| 要旨トップ | 目次 | | 日本生態学会第61回全国大会 (2014年3月、広島) 講演要旨 ESJ61 Abstract |
一般講演(ポスター発表) PB2-021 (Poster presentation)
地衣類とは菌類と藻類の共生体であり、菌類は生息場所を、藻類は光合成産物を提供している。地衣類はこの共生関係により無機物の上でも着生し、生育できるため、パイオニア生物として捉えられている。パイオニア生物は生息域周辺の環境を物理的に変化させる生態系エンジニアとして働く。地衣類も生態系エンジニアとして他の生物の多様性を支えているため、地衣類の多様性パターンを理解することは、生物多様性創出機構解明の一助となりうる。

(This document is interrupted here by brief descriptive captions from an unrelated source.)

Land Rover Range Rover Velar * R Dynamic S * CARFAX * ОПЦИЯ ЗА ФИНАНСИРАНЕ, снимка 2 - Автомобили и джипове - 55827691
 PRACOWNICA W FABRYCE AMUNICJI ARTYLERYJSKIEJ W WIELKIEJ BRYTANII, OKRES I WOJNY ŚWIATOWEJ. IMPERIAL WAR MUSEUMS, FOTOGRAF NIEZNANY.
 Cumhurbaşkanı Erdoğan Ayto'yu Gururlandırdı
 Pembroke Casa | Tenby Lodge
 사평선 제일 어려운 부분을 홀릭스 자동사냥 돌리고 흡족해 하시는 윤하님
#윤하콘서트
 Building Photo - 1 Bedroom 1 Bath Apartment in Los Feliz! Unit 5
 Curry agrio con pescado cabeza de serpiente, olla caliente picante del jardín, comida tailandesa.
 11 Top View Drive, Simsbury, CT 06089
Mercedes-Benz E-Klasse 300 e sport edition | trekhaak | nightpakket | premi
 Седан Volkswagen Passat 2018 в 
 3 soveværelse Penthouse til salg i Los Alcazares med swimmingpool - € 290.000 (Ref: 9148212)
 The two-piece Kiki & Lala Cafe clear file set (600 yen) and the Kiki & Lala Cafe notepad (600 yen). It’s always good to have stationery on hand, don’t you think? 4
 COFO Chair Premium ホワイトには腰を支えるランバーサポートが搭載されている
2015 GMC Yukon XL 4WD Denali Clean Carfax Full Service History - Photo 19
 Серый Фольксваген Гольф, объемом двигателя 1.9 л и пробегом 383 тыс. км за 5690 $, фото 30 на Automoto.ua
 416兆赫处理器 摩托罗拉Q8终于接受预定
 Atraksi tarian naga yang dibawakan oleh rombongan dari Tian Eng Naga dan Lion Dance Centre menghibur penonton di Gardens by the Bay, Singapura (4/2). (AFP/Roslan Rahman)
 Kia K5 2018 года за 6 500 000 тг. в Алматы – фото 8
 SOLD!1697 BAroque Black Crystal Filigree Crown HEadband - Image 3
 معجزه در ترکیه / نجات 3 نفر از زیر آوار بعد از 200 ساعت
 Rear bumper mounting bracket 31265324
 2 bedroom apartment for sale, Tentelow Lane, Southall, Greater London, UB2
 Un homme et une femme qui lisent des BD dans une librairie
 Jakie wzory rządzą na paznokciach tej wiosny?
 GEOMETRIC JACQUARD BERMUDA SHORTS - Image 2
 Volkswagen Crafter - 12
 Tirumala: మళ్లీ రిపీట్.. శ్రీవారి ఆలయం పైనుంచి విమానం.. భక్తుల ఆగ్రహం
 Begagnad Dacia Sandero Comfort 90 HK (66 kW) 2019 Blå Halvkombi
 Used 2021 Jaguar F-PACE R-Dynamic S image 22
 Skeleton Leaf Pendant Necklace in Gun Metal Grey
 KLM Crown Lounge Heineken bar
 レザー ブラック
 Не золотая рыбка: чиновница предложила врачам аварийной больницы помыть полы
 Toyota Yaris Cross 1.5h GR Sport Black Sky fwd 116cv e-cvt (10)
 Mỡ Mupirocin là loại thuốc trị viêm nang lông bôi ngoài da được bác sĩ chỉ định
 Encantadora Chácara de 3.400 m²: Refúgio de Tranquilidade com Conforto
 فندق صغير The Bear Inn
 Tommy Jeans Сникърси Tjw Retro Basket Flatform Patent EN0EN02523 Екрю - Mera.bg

地衣類の多様性パターンに関して、樹幹着生地衣類の種数は標高に沿って減少していくことが知られている。しかし、他の生物が定着しづらい”岩”という場所でも生育できる岩上着生地衣類の研究はよく知られていない。また蘚苔類も岩上に着生するため、両者の空間的な占有パターンを研究することは種多様性を探る上で価値があるとされている。そこで本研究では標高に沿った岩上着生地衣類と蘚苔類の被度と種数の変化を調査し、空間スケールを変えて多様性を評価することを目的とした。
本研究は信州大学付属の西駒演習林で、10cm×10cmのコドラートを用いて被度と種数を測定した。その結果、標高に沿って岩上着生地衣類の被度は増加し、岩上着生蘚苔類の被度は減少した。これは蘚苔類と地衣類間に光競争が生じたためである。また岩上着生地衣類のγ多様度は中標高で、α多様度は森林限界以上で高かった。これは中標高で生じる吹きだまりが地衣類の生育に好適な条件であり、また森林限界以上で蘚苔類が存在しなかったためである。さらに岩上着生蘚苔類の被度が減少すると岩上着生地衣類の種数が増加した。これは蘚苔類の被度が減ることで地衣類の侵入する空間ができたためであると考えた。